USA TODAY International Edition
1619 A docking in Virginia 400 years ago is today a cause for reflection
After having been kidnapped from their villages in what is present-day Angola, forced onto a Portuguese slave ship bound for what Europeans called the New World and stolen from that ship by English pirates in a confrontation off the coast of Mexico, “some 20. and odd Negroes” landed at Point Comfort in 1619, in the English settlement that would become Virginia. ❚ Their arrival was duly noted by the colony’s secretary, John Rolfe, famous as the widower of the Native American woman called Pocahontas.
“Few ships, before or since, have unloaded a more momentous cargo.” Lerone Bennett Historian and journalist in his 1962 book, “Before the Mayflower: A History of the Negro in America”
The harrowing journey that began with about 350 Africans on board the San Juan Bautista was one of terror, hunger and death even before the encounter with the pirates. About half of the Africans who boarded the ship died, some of the millions who perished during the Middle Passage from the 1600s to the 1800s. When the San Juan Bautista docked near what is now Veracruz, Mexico, on Aug. 30, 1619, 147 Africans were on board. Fifty had been taken by those English pirates aboard two ships, the White Lion and the Treasurer.
When the White Lion arrived unheralded in Point Comfort, the captain’s immediate task was to sell the Africans in exchange for food.
“Few ships, before or since, have unloaded a more momentous cargo,” historian and journalist Lerone Bennett wrote in his 1962 book, “Before the Mayflower: A History of the Negro in America.” (The subtitle was changed to “The History of Black America.”)
For many black readers, accustomed to being told in myriad ways that blacks had no history, the notion that their ancestors’ presence in America predated the arrival of the Pilgrims in 1620 was a mind-boggling revelation.
The 400th anniversary of the Africans’ arrival in what is now the United States is being observed this year. The Association for the Study of African American Life and History, the custodian of Black History Month, is taking the lead in paying tribute to perseverance and resilience. Congress established the 400 Years of African-American History Commission. And for more than two years, the Hampton 2019 Commemoration Commission and Virginia’s “2019 Commemoration, American Evolution” have sponsored programs that highlight not just the arrival of Africans but also other significant developments in the state’s – and the nation’s – history.
Why is that 1619 arrival in Virginia so noteworthy when, as Bennett wrote and scholars are still explaining, it was but one of the points of arrival of blacks in the New World? More than a century before, blacks had accompanied Spanish and Portuguese explorers on expeditions in North and South America. Africans may have accompanied Sir Francis Drake when he arrived at Roanoke Island in 1586, trying and failing to establish a permanent English colony.

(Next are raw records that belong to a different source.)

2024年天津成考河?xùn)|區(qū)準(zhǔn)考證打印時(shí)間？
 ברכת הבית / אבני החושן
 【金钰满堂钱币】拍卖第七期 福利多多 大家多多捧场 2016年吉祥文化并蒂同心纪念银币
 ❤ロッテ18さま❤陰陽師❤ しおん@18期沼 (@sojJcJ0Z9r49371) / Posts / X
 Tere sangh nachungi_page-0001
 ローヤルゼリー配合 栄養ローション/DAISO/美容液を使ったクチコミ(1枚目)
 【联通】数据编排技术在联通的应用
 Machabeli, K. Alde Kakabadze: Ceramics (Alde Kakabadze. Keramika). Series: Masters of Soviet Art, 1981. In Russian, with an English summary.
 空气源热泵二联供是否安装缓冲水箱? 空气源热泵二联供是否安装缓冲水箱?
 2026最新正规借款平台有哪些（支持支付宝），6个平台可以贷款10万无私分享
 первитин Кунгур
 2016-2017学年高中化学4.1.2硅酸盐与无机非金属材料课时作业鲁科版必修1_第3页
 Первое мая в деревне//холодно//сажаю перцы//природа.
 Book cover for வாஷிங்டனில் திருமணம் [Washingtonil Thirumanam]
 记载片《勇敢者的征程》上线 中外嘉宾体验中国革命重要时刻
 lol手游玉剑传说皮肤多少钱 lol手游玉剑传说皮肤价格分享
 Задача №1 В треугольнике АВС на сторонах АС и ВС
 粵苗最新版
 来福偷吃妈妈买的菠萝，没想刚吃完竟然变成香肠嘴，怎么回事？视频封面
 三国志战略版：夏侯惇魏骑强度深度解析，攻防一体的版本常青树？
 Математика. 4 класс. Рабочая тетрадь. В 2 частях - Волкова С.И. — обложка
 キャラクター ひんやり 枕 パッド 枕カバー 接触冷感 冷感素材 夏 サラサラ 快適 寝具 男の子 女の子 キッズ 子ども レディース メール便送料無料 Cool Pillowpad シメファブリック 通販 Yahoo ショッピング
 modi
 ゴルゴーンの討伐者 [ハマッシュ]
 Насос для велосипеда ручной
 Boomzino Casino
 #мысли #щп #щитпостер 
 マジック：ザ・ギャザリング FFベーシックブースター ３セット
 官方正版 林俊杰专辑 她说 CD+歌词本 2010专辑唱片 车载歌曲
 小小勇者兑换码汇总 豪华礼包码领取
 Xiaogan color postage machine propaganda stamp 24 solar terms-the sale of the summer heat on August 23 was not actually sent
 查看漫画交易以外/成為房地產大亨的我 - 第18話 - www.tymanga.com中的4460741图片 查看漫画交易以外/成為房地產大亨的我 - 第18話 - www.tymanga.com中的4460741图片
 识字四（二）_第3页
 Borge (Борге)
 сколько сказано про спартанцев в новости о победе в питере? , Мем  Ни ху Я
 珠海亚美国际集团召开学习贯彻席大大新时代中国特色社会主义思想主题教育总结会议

And while some declare that 1619 marked the beginning of slavery in England’s American colonies, they are off the mark in at least two ways. First, Africans had been imported as slave labor in the English colony of Bermuda before 1619. Second, the status of those “20. and odd Negroes” from the White Lion is still a matter of contention.
“The 1619 story is only important for the people who develop within the nation state that becomes known as the United States,” notes Daryl Scott, a professor of history at Howard University. He points out that if one were to consider the migration of Africans from about the 15th century, one could also mark arrivals in Spain, Portugal and Italy, as well as in the Arab world.
“There is a tendency to simplify our story, to have a definitive start and end date, to say that slavery began on this day, when we actually don’t know,” says Karsonya Wise Whitehead, a professor at Loyola University Maryland. “That’s part of being American. We like to mark things. But our history is more complicated than that.”
And it’s extremely complicated sorting out who those “20. and odd Negroes” were, what their status was in the settlement, and what became of them.
By 1705, any ambiguity about the status of blacks – free, indentured, enslaved – was clarified by a series of socalled racial integrity laws that institutionalized white supremacy.
So, Whitehead says, the 400th anniversary of the arrival of the White Lion is “a little bit of a celebration, a little bit of a commemoration, a little bit of reflection – and a lot of wrestling with ‘What does this mean?’ ”
E.R. Shipp is a founding faculty member of the School of Global Journalism and Communication at Morgan State University in Baltimore.